Thread: Getting really, really big file sizes in C

  1. #1
    Registered User
    Join Date
    Jun 2009
    Posts
    486

    Getting really, really big file sizes in C

    I am trying to read enormous binary files (10-100GB) and parse their contents a bit at a time. As part of the process I need to get the size of the file in bytes. The simple solution
    Code:
    fseek(file,0,SEEK_END);
    size=ftell(file);
    fails because the file size overflows the long int type returned by ftell. I need a long long int.

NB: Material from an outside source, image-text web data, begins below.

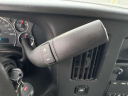 Thumbnail image of 2022 GMC Savana at Riverhead Ford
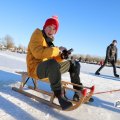 IMG_1726413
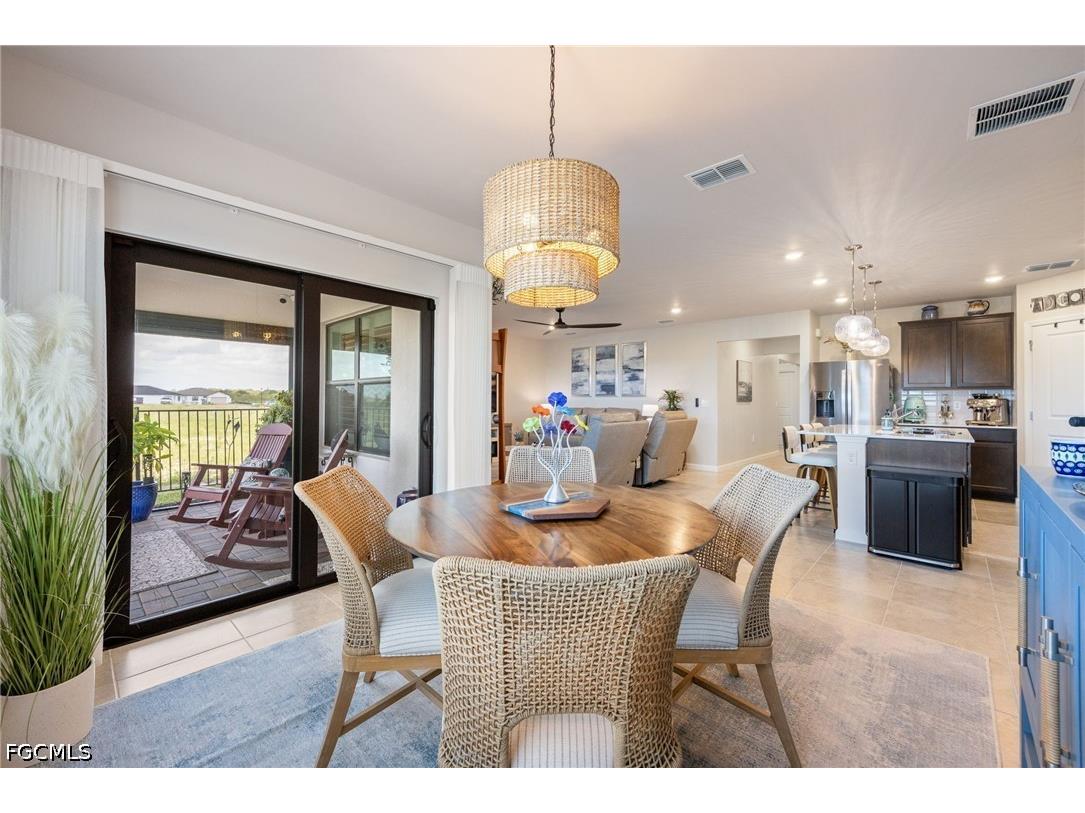 1243 Caloosa Cove Drive Labelle FL 33935 2026024089 image19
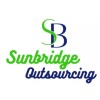 Sunbridge Outsourcing | Immigration Services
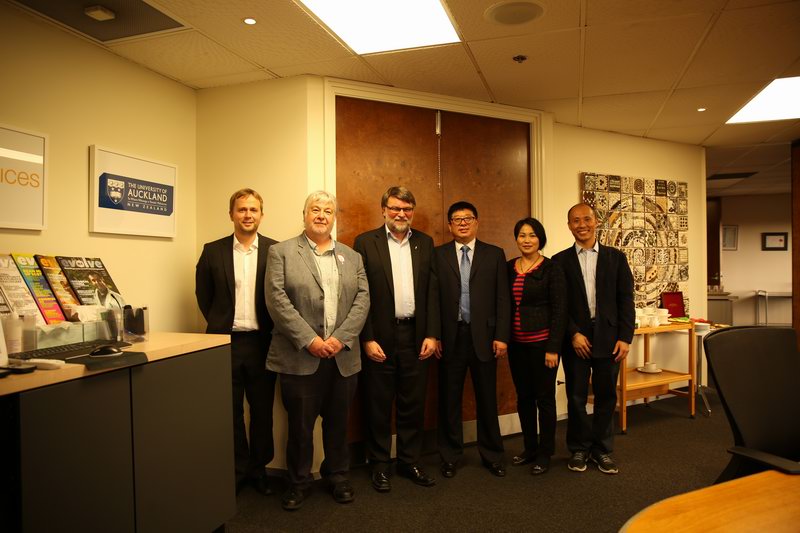 1462782861134000.jpg 1462782861134000.jpg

    Is there a reasonably efficient way to do this? The good news is that it only needs to be done once. I suppose I could read it one character at a time until I hit the end and keep count, but that just seems inelegant...
    C is fun

  2. #2
    Registered User
    Join Date
    Oct 2006
    Posts
    3,445
    have a look at this stackoverflow link
    What can this strange device be?
    When I touch it, it gives forth a sound
    It's got wires that vibrate and give music
    What can this thing be that I found?

  3. #3
    and the Hat of Guessing tabstop's Avatar
    Join Date
    Nov 2007
    Posts
    14,336
    I don't know why it follows that you need to get the size of the file if you are processing it in chunks, but anyway.

    I've not got my standard to hand, but if there isn't a standard longer version there is undoubtedly a system-specific equivalent you can use for larger files (eg ftello on *nix systems).

  4. #4
    Registered User
    Join Date
    Jun 2009
    Posts
    486
    I need the filesize for when processing the very last chunk - I need to make sure that I don't ask for too much at the end. Now that I say it like that, there's probably a more elegant way to avoid overflow.

    EDIT: fseeko64 and ftello64 apparently are what I was looking for.
    C is fun

  5. #5
    and the Hat of Guessing tabstop's Avatar
    Join Date
    Nov 2007
    Posts
    14,336
    Quote Originally Posted by KBriggs View Post
    I need the filesize for when processing the very last chunk - I need to make sure that I don't ask for too much at the end. Now that I say it like that, there's probably a more elegant way to avoid overflow.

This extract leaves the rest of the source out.